GenX is overrepresented in our ranks. The generation itself is dwarfed by the sheer numbers of the Boomers, whose parents had the advantages of postwar intercourse and inneffective birth control to beef up their ranks. But they’re dying off — Pew Research says there were just 74.9 million left in 2015 — the Millennials overtook them as the largest generation with 75.4 million that same year.

And while the Boomers shrink, the Millennial generation is actually growing at a significant rate, according to Pew, as young immigrants are added to its numbers. They’re scheduled to peak at 81.1 million by 2036, when there will be fewer than 50 million Boomers.

GenX, by contrast, topped off at 66 million in 2015, again from Pew. It doesn’t sound like a lot until you consider that when the X-ers entered the workforce, they were up against nearly 80 million Boomers and a cohort from the Silent and Greatest generations still plugging away.
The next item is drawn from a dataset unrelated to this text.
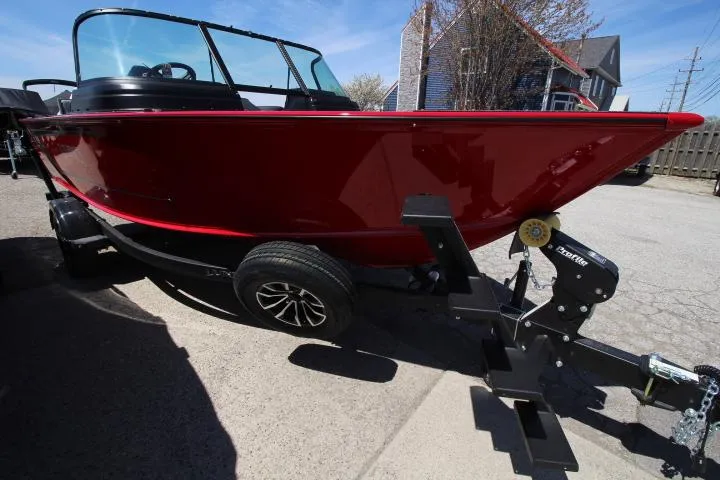 Slide: The Image of 2025 Lund 1875 Impact XS Sport boat on trailer, red exterior, parked outdoors. - 3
Those of us in GenX have noticed, though, that unlike the generation that made it through the Depression, when the Boomers ascended they just sort of hung around for an extra 20 years.

Among its other sins — which include turning a prosperous manufacturing economy into a service-based quagmire, enabling a crushing dependence on fossil fuels, and also the Eagles — the Boomers gummed up the works in business and in politics, only allowing the GenXers a moment in the light that will barely be realized before the Millennials come roaring on.

But the Xers in our office don’t seem to mind the inevitable passing of the torch. The Millennials are the most diverse generation of Americans yet, meaningful when contrasted with the Boomers, who at 75 percent are actually whiter than the rest of the country. They’re community-oriented, fair-minded and comfortable with technology. And they seem to have a mistrust of the institutions Boomers built and perpetuated, a perspective that will be necessary in undoing the damage they wrought.